Mountain men were an assortment of trappers and explorers who lived, died, thrived, and went destitute in the mountains and plains of North America. This collective went to the far-reaching wilderness areas, of the time, to acquire and sell animal fur. Some may have left the population centers east of the Mississippi River just to live out their lives in isolation and challenge the limits of their strength and determination. The “Mountain Man Era” was relatively short in terms of American history. Mountain men inhabited and plied their trade in the Rocky Mountains from about 1810 to 1850 (peaking in 1830-1840).
Inspired by the published accounts of the Lewis and Clark expedition from 1803-1806, big fur companies sought to increase their lucrative holdings by hiring enterprising individuals and free spirits. Applicants and free-lancers, whether driven by greed or adventure, had to be willing to live off of the land and survive in harsh conditions. They were going where few, or none, had ever been. Many would succumb to weather exposure, illness, and starvation. Some would be injured or killed by Native Americans, or other mountain men, who already considered this part of the world home. Facing unfathomable circumstance and uncertain odds, still they went.

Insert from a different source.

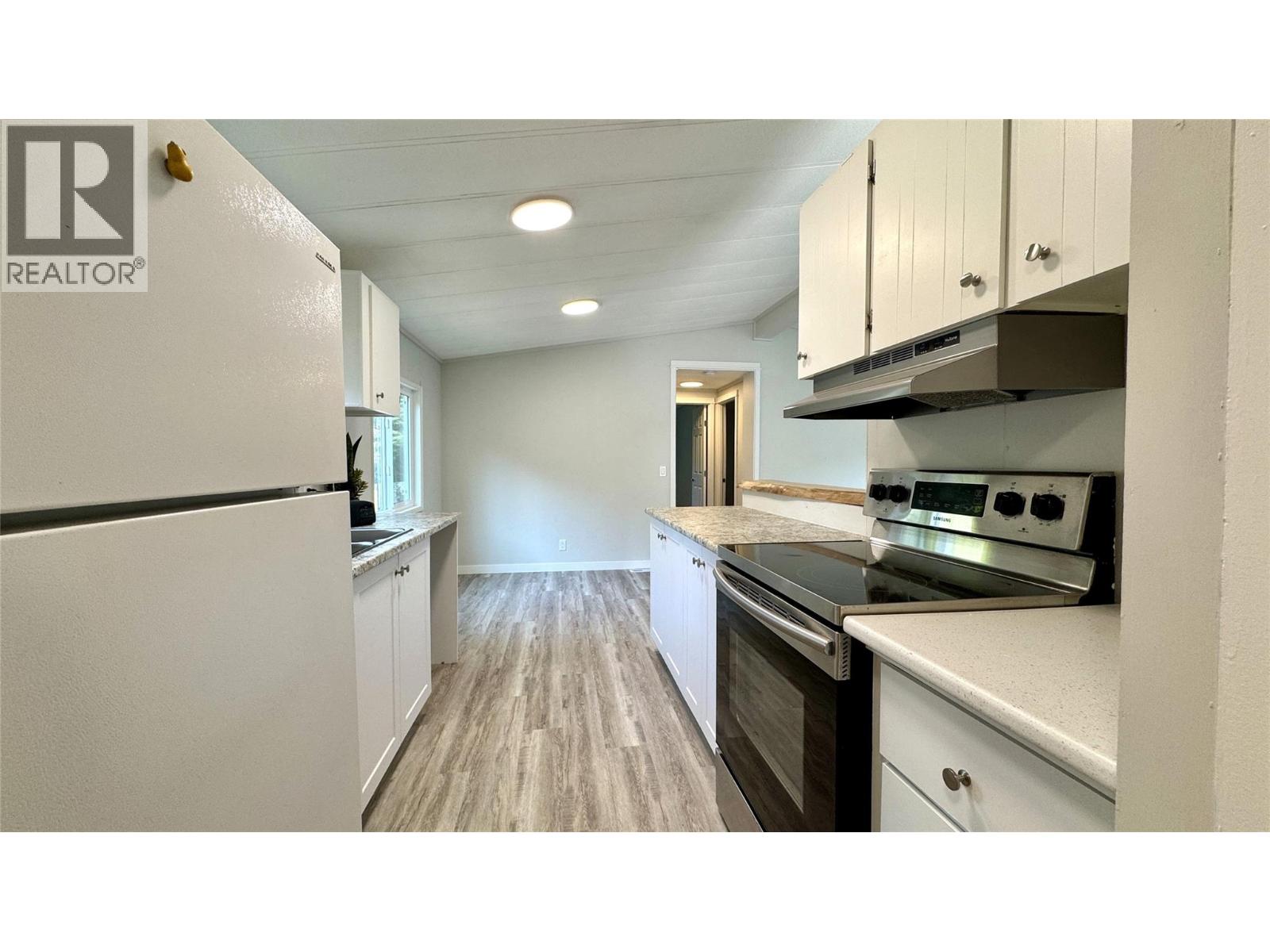 243 E Avenue, Kaslo, British Columbia  V0G 1M0 - Photo 17 - 10354941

Most were indebted to fur companies. They needed a big cache of supplies to get them through the year. The fur companies charged them exorbitant prices for much-needed supplies and kept detailed records of the debt. The trappers were obligated to bring in a large supply of pelts to pay off their debt. Many mountain men traded their supplies with Native American tribes for fur. This was a way they could acquire more fur than they could get by trapping it themselves. Needless to say, most mountain men did not reach the plus side of the ledger.

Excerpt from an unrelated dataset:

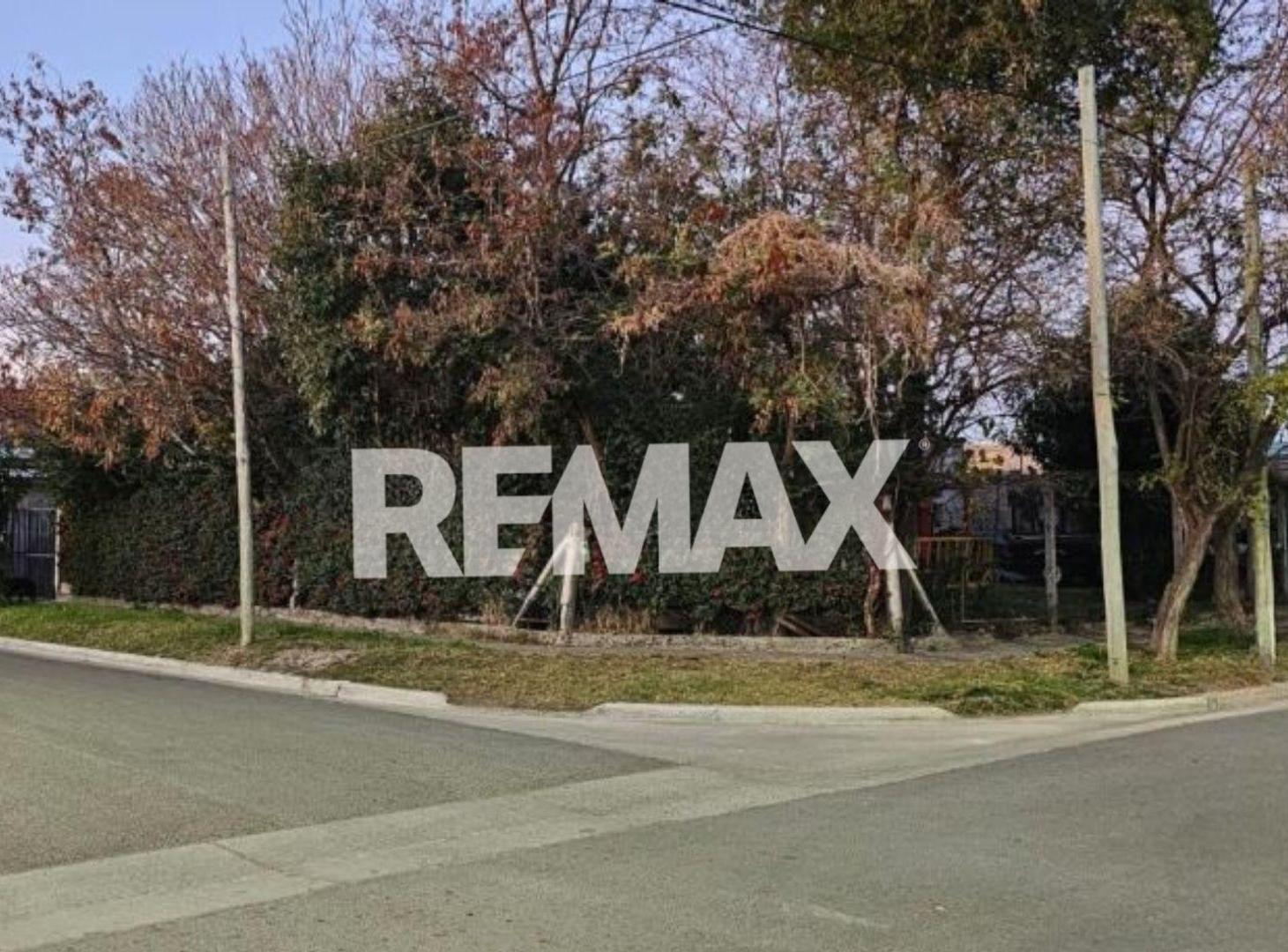 Foto de VENTA CASA+DPTOS+QUINCHO-A REFACCIONAR-lote 742m2, imagen 2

The goal for most mountain men was to obtain as much fur (mostly beaver plews) as possible. Mountain men would use fur as currency in exchange for money, horses, and other supplies (possibles). This exchange usually occurred at rendezvous. Rendezvous would take place, annually, in a pre-determined location. Mountain men and Native Americans would travel from all over to reap the rewards of their year’s work. For many, it was a time of celebration and socializing. For some, this would be the only time of year they would see another human being. At rendezvous, friendships were formed and enemies were made.
The mountain men would be instrumental in forging and developing the trails and routes that bridged the eastern to western United States. Some helped set up establishments and outposts along the way. Mountain men established many of the routes that would be used by the multitude of setters and pioneers who ventured west in subsequent years.

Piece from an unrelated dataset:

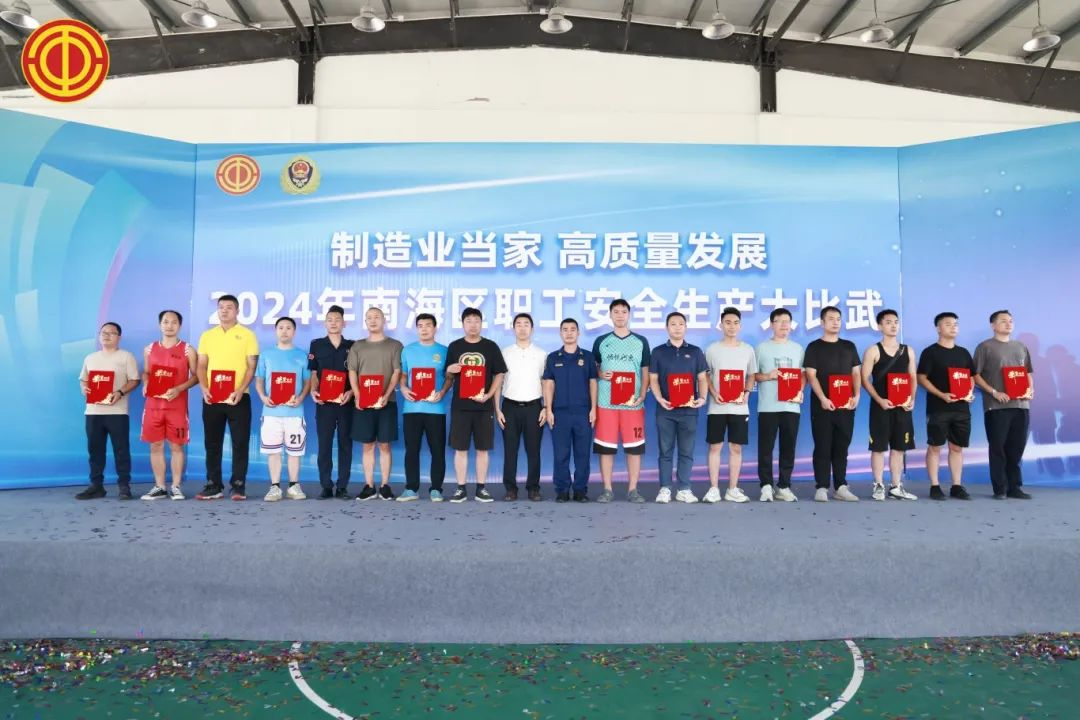 AG�콢�� (�й���½) ���޹�˾����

By the mid 1800s, the days of the mountain men dwindled. The fur industry was waning due to reduced demand. Much of the reduced demand was due to the rise of the silk trade. Large portions of the Rocky Mountains and Great Plains, at this point in time, had become over-trapped and over-hunted. The number of fur-bearing animals became alarmingly decimated. For many, the risk was no longer worth the reward.
Some mountain men became legendary-Jim Bridger, Jedediah Strong Smith, John “Liver Eating” Johnson, and Kit Carson. Most were never known. History is kind to some and cruel to others. The stories of mountain men, whether factual or fictional, live in the infamy of American folklore.